Abstract

In July 2004, the Working Group on Interaction between Trade and Competition Policy at WTO was made inactive post decision by General Council at Cancun as the proposal to have a formal multilateral framework to enhance the contribution of competition policy to international trade and development agreed to at Doha could not be taken forward. WTO Platform could not be an appropriate forum for having international competition law regime because of the inherent conflict between national competition legislations and international trade principles. For example, in cases of export cartels, while the national trade measure by a country may be perfectly right, under WTO scene, it facilitates anticompetitive conduct. Further, the conflict between developed and developing countries posed another problem. However, international business requires convergence on at least basic principles of competition law which was attempted by UNCTAD long back in 1980s by proposing a Model Law on Competition which is still being negotiated. WTOs failure led to evolution of the regime of MOUs in which the countries entered into soft agreements in the nature of bilateral (EU-US 1991 agreement), multilateral (ICN, OECD), and regional (ASEAN) including the recent class of Free Trade Agreements (India-EU FTA). This evolution has given rise to a fresh concept of internationalization of competition law which aims towards convergence. The International Competition Network (ICN) has further evolved as a specialized though informal venue for about 120 plus competition agencies to thrash out completion principles aiming towards convergence.
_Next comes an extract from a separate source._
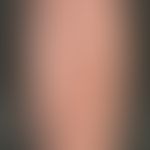 Porokeratosis superficialis disseminata actinica: Disseminated, reddened, marginalized papules up...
The present paper seeks to trace this evolution and evaluate the present position in this regard. The paper would be divided into four parts. The first part would provide an introduction and historical background to internationalization of competition law. Second part would deal with WTO work. The third part would discuss the bilateral MOUs and the fourth part would delve into the newer forms of platform leading to convergence. The paper would seek to assess how far these platforms have been successful in achieving convergence especially in view of hard-core cartels and some of the latest trends of extraditing the violators of competition law across countries like Ian Norris.